Most ISPs in Europe already store this type of information, with the Email information used to help fight Spam for instance. Despite this most ISPs were dead against the law due to the hassle factor, but in the UK, ISPs have been “talked round” thanks to the UK government offering to reimburse ISPs the cost of storing and maintaining the data.

So why the law? Well I think one of the key reasons is to allow EU governments “easier” and direct access to the information on mass, so bypassing the legal system (no court orders), wait a minute, isn’t the legal system in place to protect individuals from governments? I think we can assume this information will be used for data mining, as well as the specific investigations of individual suspects. By data mining, I mean the scanning of these vast amounts of electronic communications data for patterns which match terrorism activity, whereby the system analyzes the data and then spits out the names of who it deems are terrorist suspects.

It’s not about the “Chatter”
In the Second World War before the German Enigma machine encryption was cracked, the UK intelligence would look for “chatter”, which is the tracking of the number of encryption communications being sent, with spikes in encrypted communications usually meant a german attack was being organised and therefore about to occur. The germans counteracted this by having all enigma operators send random messages periodically, so the spikes were not so obvious, in fact this counter activism actually helped with the breaking of the enigma code.
Anyway my point is looking for “chatter” in high volume Email and Internet telephone calls to predict a terrorist attack is about to occur is not likely to work, as unlike the mobilising of large military forces to carry out an attack, terrorist groups are very small and very insular in nature, generally very careful with their communications, which is why they aren’t discovered in the first place.

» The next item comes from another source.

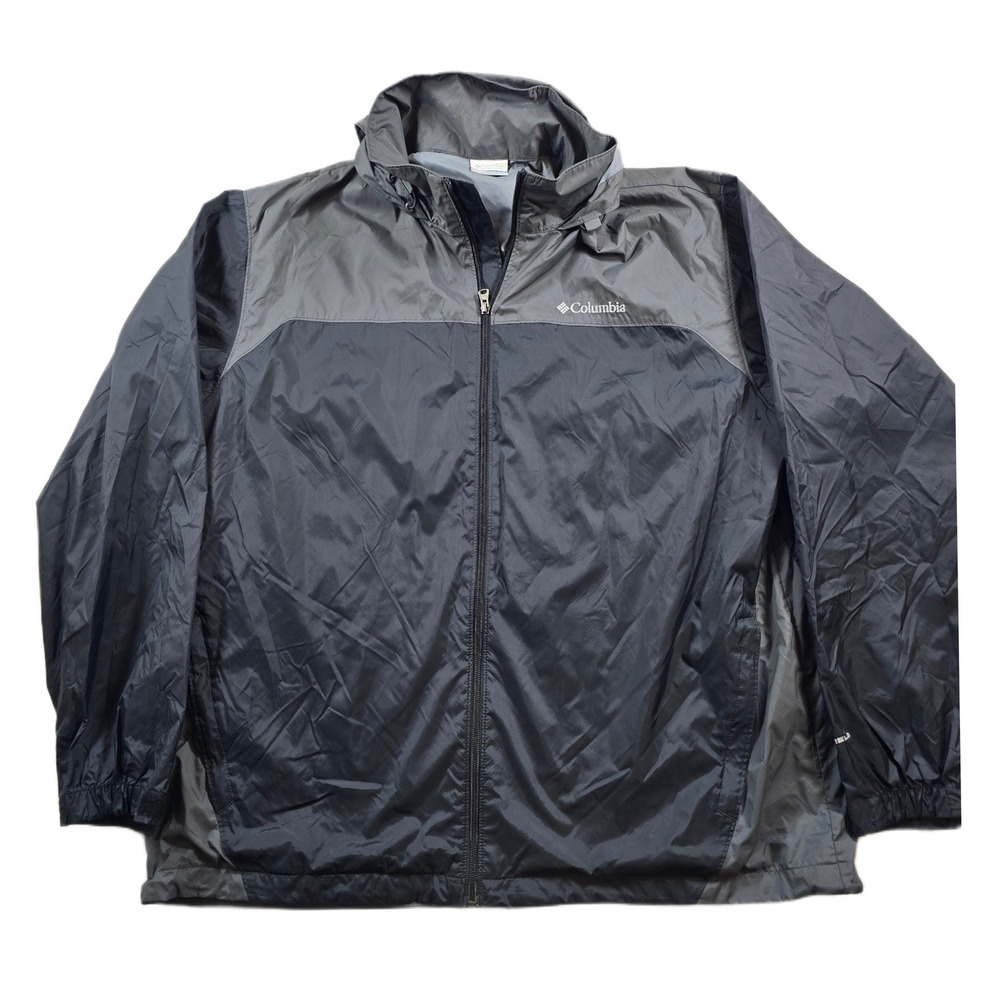 Columbia Omni-Shield Windbreaker Jacket Mens XL Black Gray Nylon Stowaway Hood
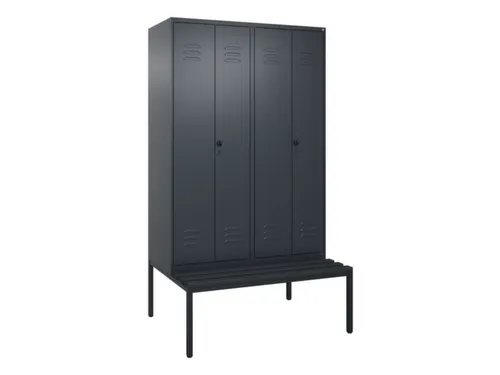 PBM-locker met bank,HxBxD 2120x1200x815mm,4vak,vak B 300mm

Given the vast amount of daily communications taking place over EU part of the Internet, I just can’t see how it is possible to see terrorism communication chatter spikes, so this law cannot be about using chatter to help prevent or prepare against a terrorist act, not that anyone has said this publically, but it’s worth pointing out.

If anyone knows how the data mining of millions of the daily EU electronic communications is going to protect us from terrorism attacks, I’d love to know. In my view, surely it is much better to target our anti-terrorism resources with good old fashion "police work" approaches, and so investigate individual suspects, infiltrate suspect groups, rather than assume everyone is a suspect. Good luck if this big brother system decides you are a terrorist suspect, as ironically you will be the last person to find out if it does.